While high, the figure is not too much of a surprise: a number of economists and fund managers said just a couple of weeks ago that US inflation could rise to 4% given that we are coming from a very low base year-on-year.
April saw the largest monthly increase in the index for used cars and trucks since the series began in 1953, and the largest monthly increase in the index for all items less food and energy since April 1982*. The figure could even rise further in the next few months as economies reopen.
“There are two questions on investors’ minds,” commented Darius McDermott, managing director of FundCalibre. “The first is whether the high numbers will cause central banks to freak out and raise interest rates faster and higher than they currently intend. At the moment, the rhetoric from the Federal Reserve at least suggests not.
“The second is whether this inflation is transitory or whether it will turn out to be more embedded in the system than it has been for many years. At the moment it would seem a short-term phenomenon, but we are not going to know whether that assumption is correct for a good few months.
“I expect there to be quite a bit of volatility over the summer as markets digest the numbers and listen closely to central bank meetings.”

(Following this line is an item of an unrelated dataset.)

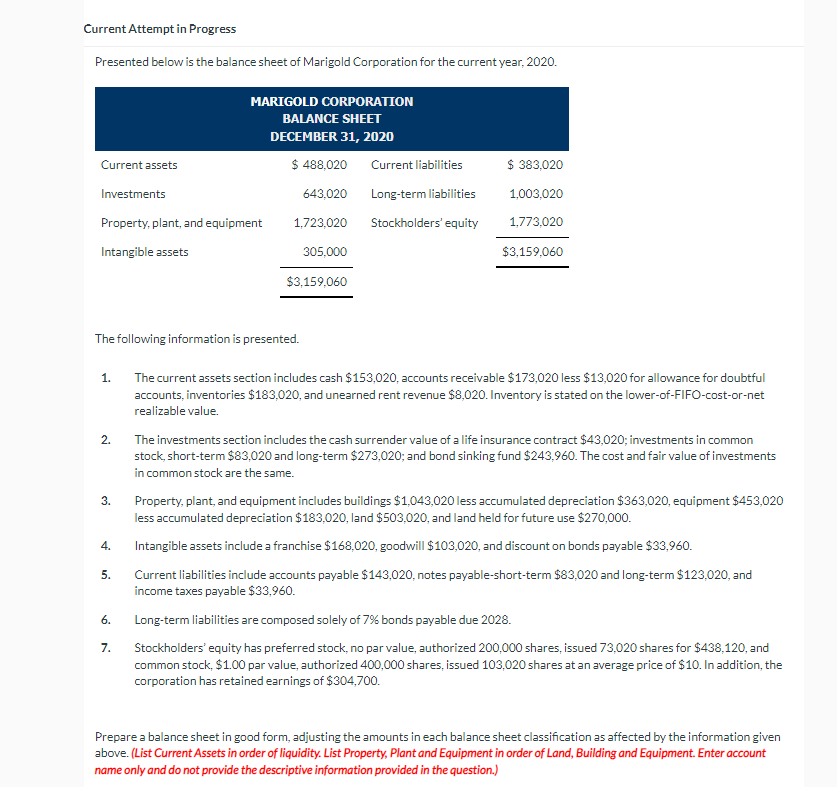  Current Attempt in Progress Presented below is the balance sheet of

Inflation is historically bad for bonds, but there are ways that managers can limit the damage done to their portfolios.
When it comes to equities, there are a number of options, depending on your personal view on the direction of inflation:
If you believe in the inflationary trade lasting longer than expected, you could invest in value strategies. In the UK this would include the likes of JOHCM UK Dynamic and TM CRUX UK Special Situations. Globally, Schroder Global Recovery and Ninety One Global Special Situations are worth a look.
If you think inflation is a short-term issue, then you could buy growth strategies on the market dips, getting a much better price than has been available in recent months. For example, Marlborough Multi-Cap Growth or AXA Framlington UK Mid Cap in the UK and Premier Miton Global Smaller Companies or Brown Advisory Global Leaders.
If you want to dampen some of the likely volatility, then investing monthly, rather than trying to time the market with lump sum investments, could help you get through the summer with fewer sleepless nights.